The training of the ISIS Hunters was supervised by the Russians and in particular by the PMC Wagner Group. Its weapons and equipment were also supplied by Russia. At the same time, ISIS Hunters became used by Russian authorities to protect their economic interests. Thus, fighters were brought in to protect oil and gas fields.

== History ==
The ISIS Hunters were formed in early 2017 after the Syrian Arab Armed Forces were routed in the December 2016 battle of Palmyra. The group's fighters were integrated into the 5th Army Corps, a formation formed in November 2016 with Russian support, composed entirely of volunteers.

Russia's goal in forming the ISIS Hunters was to combat ISIS and build forces that can serve as a counterweight to Iran in Syria, as their objectives in the region differ from those of Moscow.
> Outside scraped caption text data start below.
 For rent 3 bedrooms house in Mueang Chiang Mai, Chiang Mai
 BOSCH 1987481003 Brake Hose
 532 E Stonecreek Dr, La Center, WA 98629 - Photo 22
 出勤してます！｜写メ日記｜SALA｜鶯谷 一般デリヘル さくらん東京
The training of the ISIS Hunters was supervised by the Russians, particularly by the private military company Wagner Group, and their weapons and equipment are also supplied by Russia.

The ISIS Hunters were linked to the story of Russian soldiers Roman Zabolotny and Grigory Tsurkanu, who were captured by militants. On 5 October 2017, a report appeared on the official Twitter account of the unit that it was willing to pay a million dollars for each prisoner's.
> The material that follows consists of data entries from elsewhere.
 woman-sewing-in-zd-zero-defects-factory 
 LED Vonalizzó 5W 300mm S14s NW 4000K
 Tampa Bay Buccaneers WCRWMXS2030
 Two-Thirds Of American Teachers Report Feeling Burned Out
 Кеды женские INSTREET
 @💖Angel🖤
The unit was merged/affiliated with private military company known as Al-Sayad Security Company, which was located in the city of Al-Suqaylabiyah. The company was formed in March 2017. It recruited volunteers from 22 to 46 years old with good physical training.

== Formation ==
The unit was part of the 5th Army Corps's. According to other information the ISIS Hunters were an independent formation in their own right. In addition, the unit was voluntary, and service in it was not equivalent to regular military service in the Ba'athist Syrian Government's Army.

The group's number was estimated between 20 up to several dozen men in 2017. Many of them had relatives killed by ISIS militants. Personnel training was overseen by Russians from PMC Wagner. Weapons and equipment were also supplied by Russia. Recruits arrived from many areas including the coastal region, northern and southeastern rural areas of Hama. The recruitment in ISIS Hunters was based on a whole series of rigorous harsh training courses that required the fighter to be familiar with all combat specialities. The unit's training centre was located at Latakia.
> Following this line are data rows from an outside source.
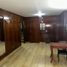 2 Habitación Departamento en venta en Esteban Echeverria, Buenos Aires, Esteban Echeverria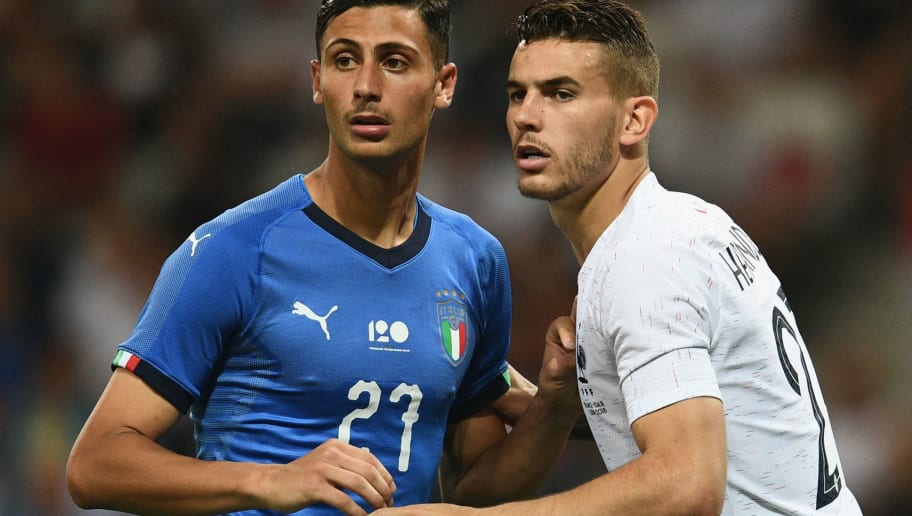 凯尔特人同 凯尔特人同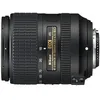 Image de Nikon AF-S DX NIKKOR 18-300mm f/3.5-6.3G ED VR SLR Noir en occasion ou reconditionné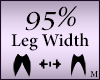 http://userimages02-akm.imvu.com/productdata/images_9634d8346f12591fc44a22c76419e3bd.gif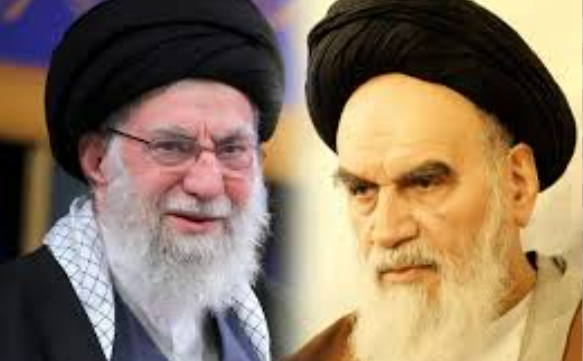 iran:-el-derecho-internacional-como-coartada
Equipment was represented by standard uniforms, helmets and body armour. Armament consists of assault rifles AK-47, AKS-74U, AK-74M and AKM, grenade launchers RPG-7 and machine guns. There were also drones and 122 mm D-30 howitzers available to them.

== Known engagements ==
On 23 March 2017, North of Palmyra in the Al-Shaer gas field area, the unit engaged 120 Islamic State fighters, killing 24 militants and wounding 12 others. Also ISIS Hunters destroyed an enemy anti-aircraft gun using a drone. They were supported by Syrian T-72 tanks in the clash.

The formation was particularly distinguished in clearing the "cauldron" near Aqrabat and also for managing to take control of Jabal al-Bilas.

During the offensive near Deir ez-Zor in September of that year, the unit became the first to cross the Euphrates.

In February 2018, the ISIS Hunters were engaged in the Battle of Khasham near Deir ez-Zor against the Syrian Democratic Forces. During this battle, they were subjected to U.S. bombing, resulting in the alleged loss of between 80 and 100 of their men. Following this incident, the group issued a statement about the casualties they suffered during the fighting, claiming to have lost twenty men during this fighting.

As of April 2019, the unit lost 30 killed, of which 20 were killed in February 2018 near Khasham when they were caught in airstrikes of the US Air Force.

== Notable personnel ==
The group's strength was likely less than 100 in total. No official number of "ISIS Hunters" troops have been published by Syria. The group's strength likely numbers a few dozen men. Some of its fighters in propaganda videos appear to be particularly elderly and look especially old. The group is composed mostly of Russians.

=== Notable personnel ===

- Nadhim Mikhail Shahada — field commander in Deir ez-Zor.
- Amir Ahmad Ahmad — one of the fighters. On 14 May 2017, he issued a video message accusing the Americans of having ties to ISIL and condemned shairat base missile strikes.
- Ivan Slyshkin — PMC Wagner employee. He participated in training the fighters of the ISIS Hunters. He died on 12 February 2017 at the hands of sniper near the Shaer gas field.

== Description of the flag ==
In the centre of the emblem is a skull and crossbones in a target (the symbol of the Syrian Republican Guard), on the sides are bullet holes, and at the top and bottom is the inscription "ISIS Hunters" in English and Arabic.

== Areas of operation ==
The unit had fought in the following regions:

- Palmyra (in early 2017, the IS Hunters were responsible here for protecting the military airport as well as gas and oil fields)

- Deir ez-Zor (recorded participation in battle of Khasham near Deir ez-Zor against the Syrian Democratic Forces)

- Shayer (Homs Desert gas field region), Akrabat (rural area in Hama)

- Jazal (oil region in Homs Desert), Ghouta (under Damascam), desert areas.